Wollen Sie neugierige Schüler*innen, seien Sie neugierig auf sie und ihre Ideen!

Z: Ziele und Zeitmanagement

Zeitmanagement ist Unsinn. Sie können die Zeit nicht managen – nur Ihr Verhalten. – Michael Kastner

Die eigenen Erwartungen zu erfüllen ist gar nicht so leicht. Und dann kommen noch die der Kolleg*innen, Schüler*innen, Eltern, Fachseminarleiter*innen, Konferenzleiter*innen und Schulleiter*innen dazu.

80:20-Regel und Eisenhower-Prinzip helfen, alles unter einen Hut zu bekommen.

Mein Tipp: Setzen Sie Prioritäten und unterscheiden Sie zwischen

  1. dringenden und wichtigen,
  2. dringenden, aber unwichtigen,
  3. wichtigen, aber nicht dringenden und
  4. weder wichtigen, noch dringenden Dingen auf der To-Do-Liste (Eisenhower-Prinzip).

Wenn Sie dann noch mit 80 Prozent zufrieden sind und Zeitdiebe identifizieren, sind Sie auf einem guten Weg.

Ach ja: Nein-Sagen hilft!

Fazit

In diesem Blog-Beitrag habe ich die KOMPETENZ-Formel mit 9 Baustellen vorgestellt, die jede Lehrkraft kennt.

Quellen

  • Baumert, Kunter, Blum, Klusmann, Krauss & Neubrand (2011).

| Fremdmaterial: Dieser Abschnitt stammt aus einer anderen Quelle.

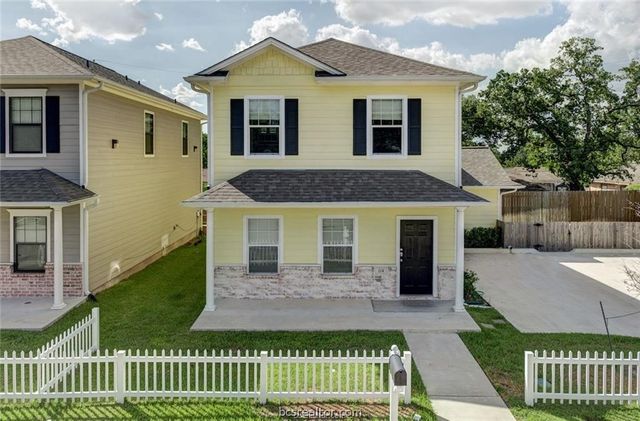 114 Lynn Drive, Bryan, TX 77801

Professionelle Kompetenz von Lehrkräften, kognitiv aktivierender Unterricht und die mathematische Kompetenz von Schülerinnen und Schülern (COACTIV) – Ein Forschungsprogramm. In: M. Kunter, J. Baumert, W. Blum, U. Klusmann, S. Krauss & M. Neubrand (Hrsg.), Professionelle Kompetenz von Lehrkräften – Ergebnisse des Forschungsprogramms COACTIV (S. 7-25). Münster: Waxmann
  • KMK-Strategie „Bildung in der digitalen Welt“. 2017.